The principle of data skew:
When performing shuffle, the same key on each node must be pulled to a task on a node for processing, such as aggregation or join according to the key. At this time, if the amount of data corresponding to a key is particularly large, data skew will occur. For example, most keys correspond to 10 pieces of data, but individual keys correspond to 1 million pieces of data, then most tasks may only be allocated 10 pieces of data, and then run over in 1 second; but individual tasks may be allocated 1 million pieces of data data, to run for an hour or two. Therefore, the running progress of the entire Spark job is determined by the task with the longest running time.

How to locate code and data partial conditions that lead to skewed data:

Data skew only happens during shuffle. Here are some commonly used operators that may trigger shuffle operations: distinct, groupByKey, reduceByKey, aggregateByKey, join, cogroup, repartition, etc. When data skew occurs, it may be caused by the use of one of these operators in your code.
We can take a deep look at the amount of data allocated by each task in the current stage on the Spark Web UI, so as to further determine whether the uneven data allocated by the task causes the data to skew

  1. If the data is skewed by the group by and join statements in Spark SQL, query the key distribution of the tables used in SQL.
  2. If the data is skewed by executing the shuffle operator on Spark RDDs, you can add code to check the key distribution in the Spark job, such as RDD.countByKey(). Then collect/take the counted number of occurrences of each key to the client and print it, and you can see the distribution of keys.

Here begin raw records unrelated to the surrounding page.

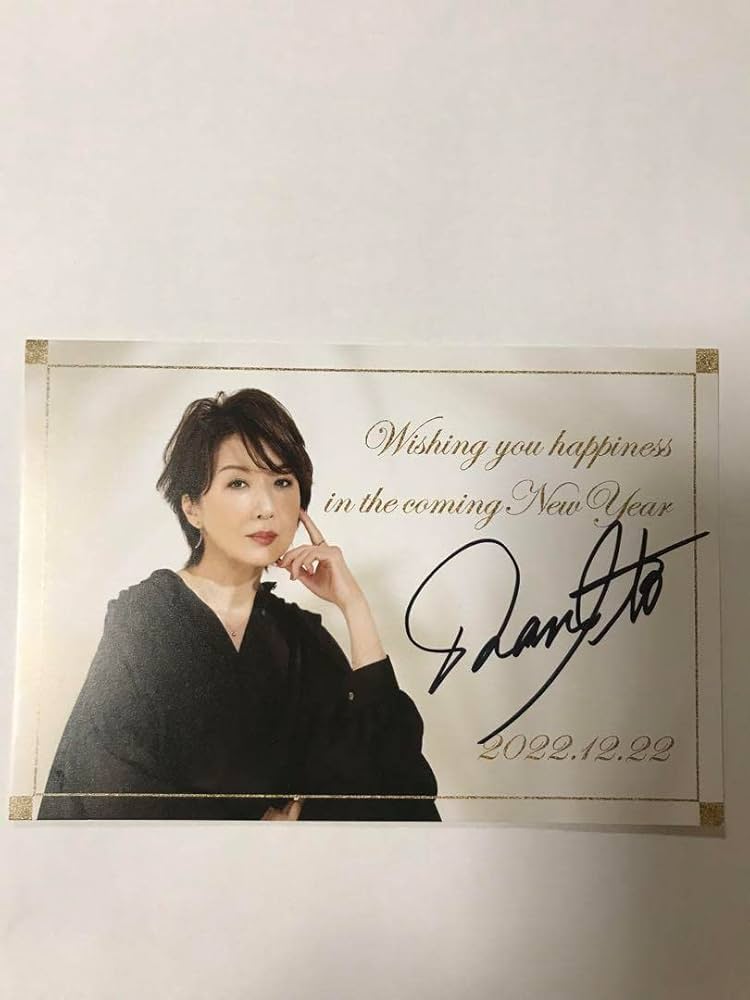 Amazon.co.jp: 伊藤蘭 キャンディーズ 直筆サイン カード : スポーツ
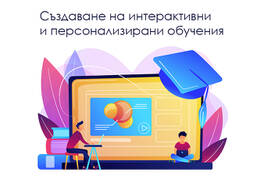 Създаване на електронни обучения по поръчка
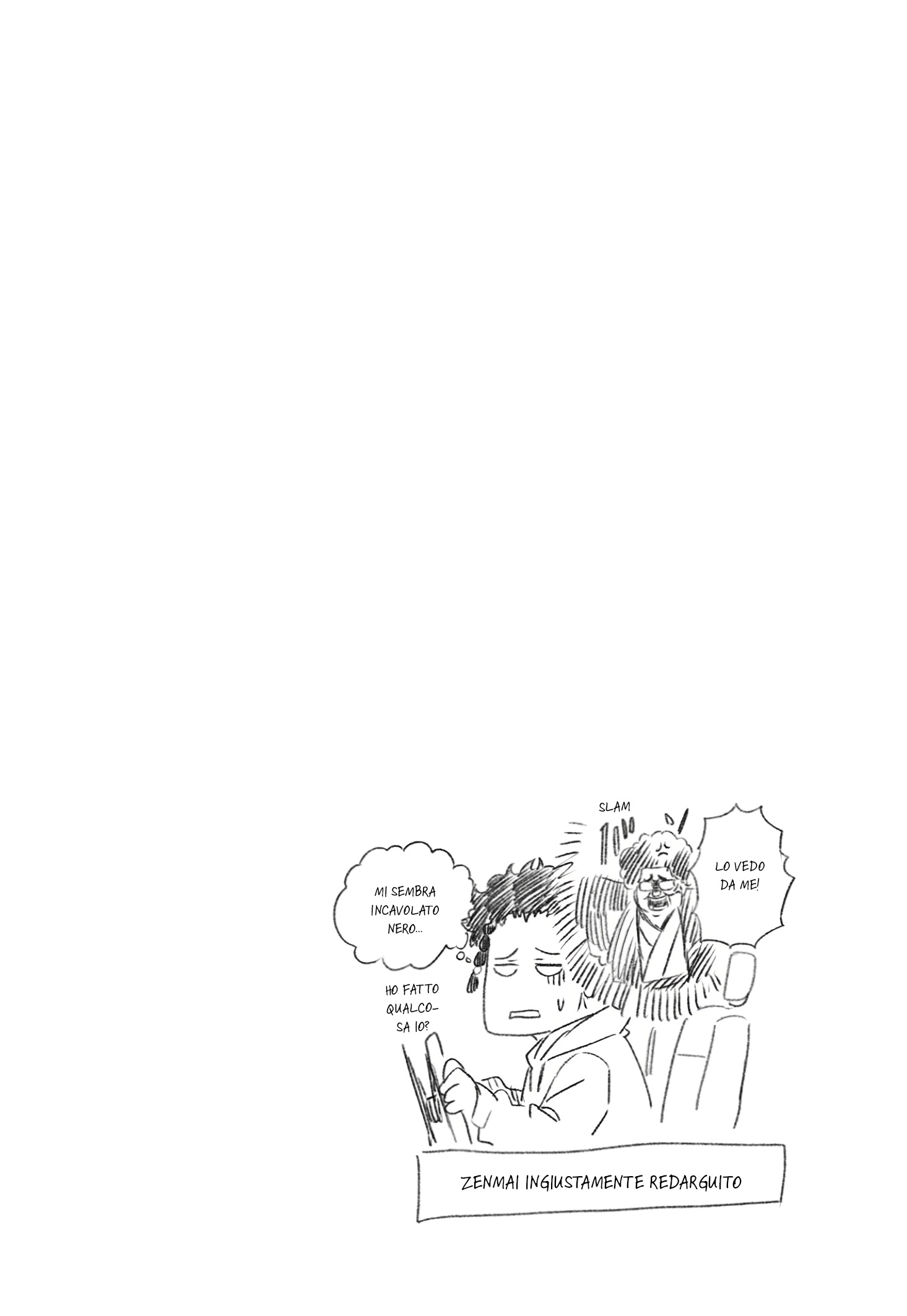 Read Akane-banashi IT Manga Online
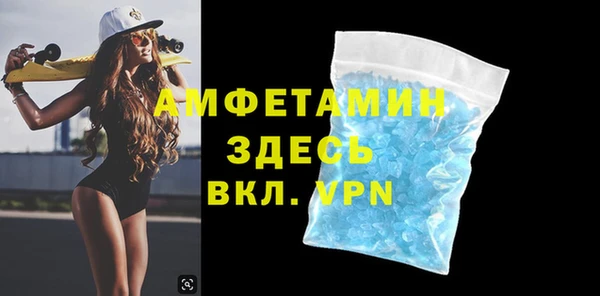 мефедрон мука Арсеньев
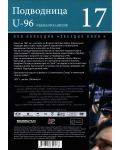 Подводница U-96 (DVD) - 2t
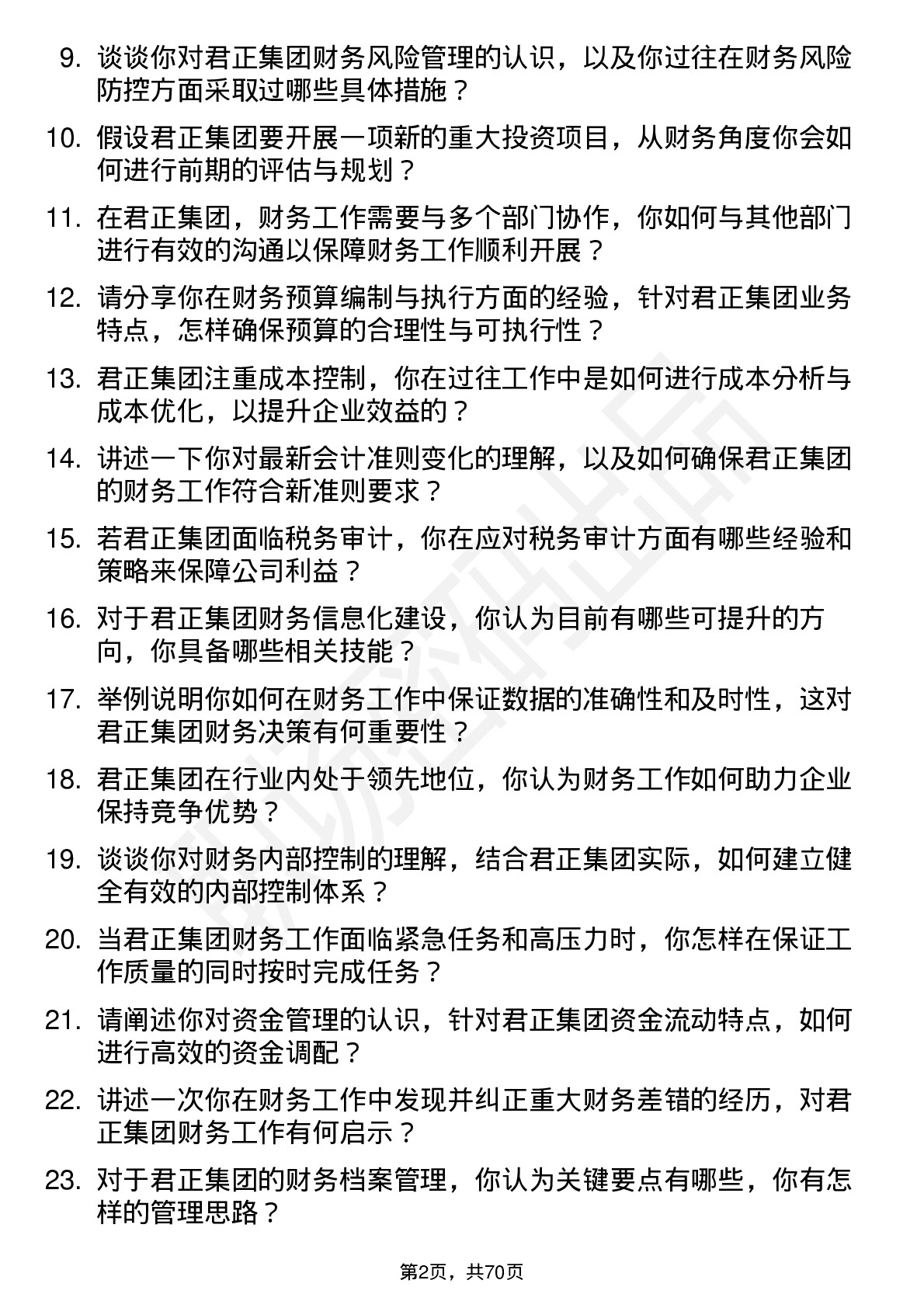 48道君正集团财务专员岗位面试题库及参考回答含考察点分析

Improve the parallelism of shuffle operations (preferred)

Increasing the number of shuffle read tasks allows multiple keys originally assigned to one task to be assigned to multiple tasks, allowing each task to process less data than before. For example, if there are originally 5 keys, each key corresponds to 10 pieces of data, and these 5 keys are allocated to a task, then this task will process 50 pieces of data. After adding the shuffle read task, each task is assigned a key, that is, each task processes 10 pieces of data, so naturally the execution time of each task will be shortened

This solution usually cannot completely solve the data skew, because if there are some extreme situations, such as the amount of data corresponding to a key is 1 million, then no matter how much your task number increases, the key corresponding to 1 million data will definitely still be allocated. It is processed in a task, so data skew is bound to occur.

image

Two-stage aggregation (local aggregation + global aggregation)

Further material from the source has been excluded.